Building the Model!¶

We're going to start by importing all libraries needed for the creation of the model. Refer to the requrements.txt file in the repository for the complete list and all version info.

from matplotlib import style
import pandas as pd
import numpy as np
%matplotlib inline
style.use("ggplot")
from sklearn.svm import SVC
from sklearn.svm import LinearSVC
from sklearn.cluster import KMeans
from sklearn.model_selection import cross_val_score
from sklearn.metrics import mean_squared_error as mse
from sklearn.model_selection import KFold
from sklearn.model_selection import GridSearchCV, RandomizedSearchCV

# Now let's read in the training set and take a look. 
df = pd.read_csv('~/rouest/project-submissions/data/train.csv')
df.head()

Now it's time to start building our feature space based on the EDA that we did.¶

# Even though no isFraud cases were to merchants, let's still break them out as a feature.
df['nameDestCat'] = df.nameDest.apply(lambda x: x[0])

# Now we need to select the features (and target) that we are using
dfalt = df.ix[:, [0, 1, 2, 4, 5, 7, 8, 9, 11]]

# And take a look . . .
dfalt.head()

As our EDA indicated, may of our float variables are heavily skewed.¶

Let's take the change to transform them with numpy's log1p to approximate a more normal distrbution (which will prove helpful in our support vector classification later) while retaining the 0 values.

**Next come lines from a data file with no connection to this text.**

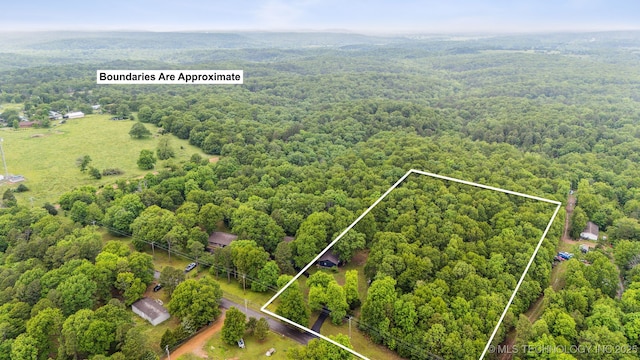 6019 E 620th Rd W, Locust Grove, OK 74352 - aerial overview of property's location with a forest and property parcel outlined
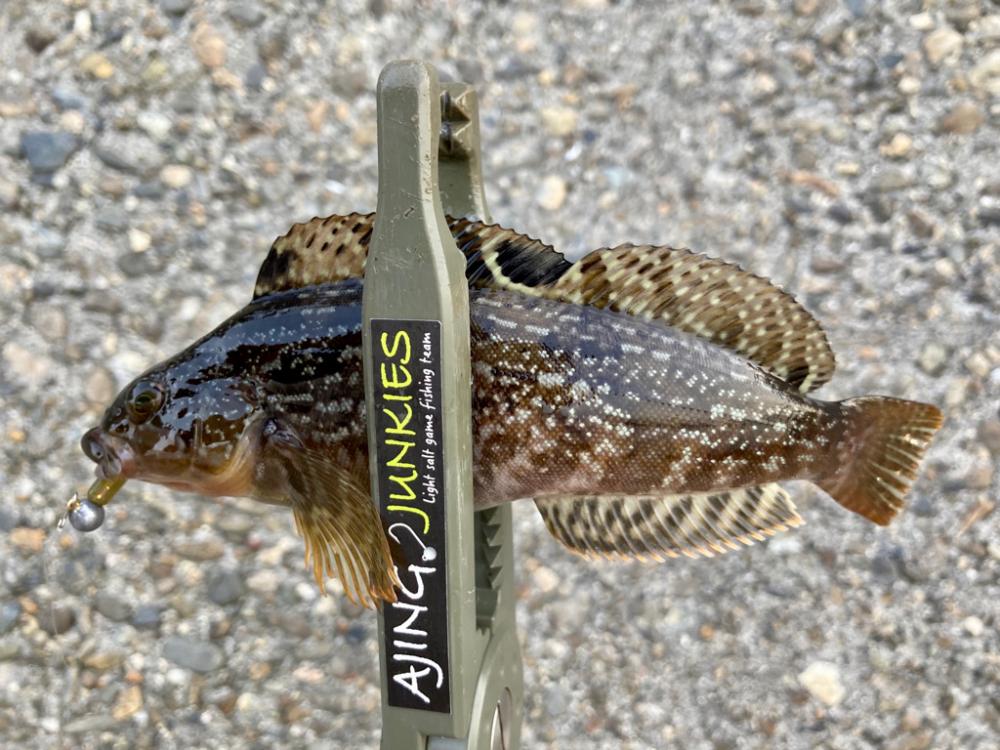 ミニばっかり(^^;)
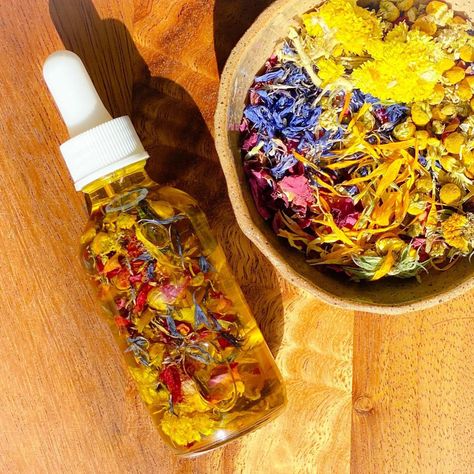 Flower Infused Body Oil, Infused Herbal Oils, Sweet Oil For Earaches, Facial Oil Recipe, Herbal Body Oil, Flower Infused Oil, Herbal Infused Oil, Infused Oil Recipes, Infused Body Oil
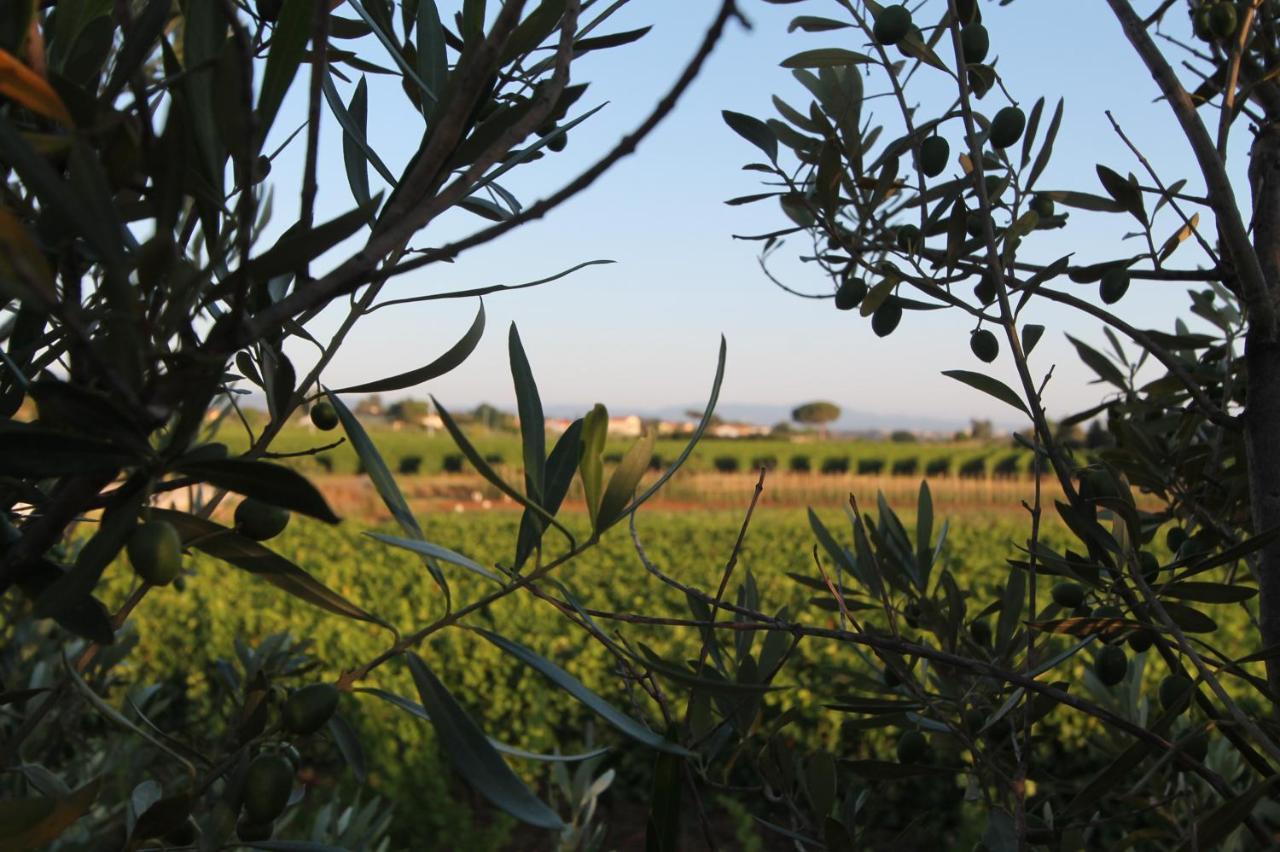 Agrihotel Elisabetta Collemezzano Dış mekan fotoğraf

dfalt.amount = np.log1p(dfalt.amount)
dfalt.oldbalanceOrg = np.log1p(dfalt.oldbalanceOrg)
dfalt.newbalanceOrig = np.log1p(dfalt.newbalanceOrig)
dfalt.oldbalanceDest = np.log1p(dfalt.oldbalanceDest)
dfalt.newbalanceDest = np.log1p(dfalt.newbalanceDest)

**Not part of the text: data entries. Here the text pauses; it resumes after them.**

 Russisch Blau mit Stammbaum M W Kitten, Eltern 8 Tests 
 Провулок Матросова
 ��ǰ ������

//anaconda/lib/python3.5/site-packages/pandas/core/generic.py:2701: SettingWithCopyWarning: 
A value is trying to be set on a copy of a slice from a DataFrame.
Try using .loc[row_indexer,col_indexer] = value instead

See the caveats in the documentation: http://pandas.pydata.org/pandas-docs/stable/indexing.html#indexing-view-versus-copy
  self[name] = value

# Now we can dummy out the type and nameDestCat features 
dfdum = pd.get_dummies(dfalt, prefix='is')

dfdum.head()

# Let's create our features list so that we can create some clusters for our dataframe
features = list(set(dfdum.columns) - {'isFraud'})

kmeans = KMeans(n_clusters=25, random_state=0, n_jobs=-1)
kmeans.fit(dfdum[features])

KMeans(algorithm='auto', copy_x=True, init='k-means++', max_iter=300,
    n_clusters=25, n_init=10, n_jobs=-1, precompute_distances='auto',
    random_state=0, tol=0.0001, verbose=0)

# And then apply them to the dataset
predictedLabels = kmeans.predict(dfdum[features])
dfdum['predictedCluster'] = predictedLabels
dfdum['predictedCluster'] = dfdum.predictedCluster.astype('object')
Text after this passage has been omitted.